Task description -
The answer must restate the listing word for word, without its images.

Source data -

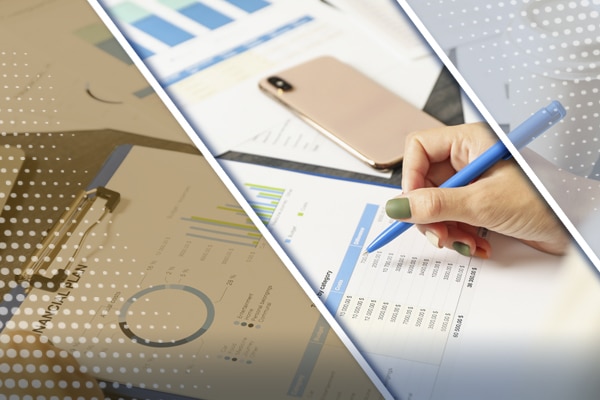 Consulte agora dinheiro esquecido nos bancos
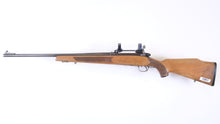 Load image into Gallery viewer, Tikka LSA-65 in 6.5x55
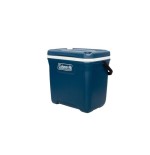 Nevera portátil 26 l azulcoleman 28qt xtreme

Your response -
 Consulte agora dinheiro esquecido nos bancos
 Load image into Gallery viewer, Tikka LSA-65 in 6.5x55
 Nevera portátil 26 l azulcoleman 28qt xtreme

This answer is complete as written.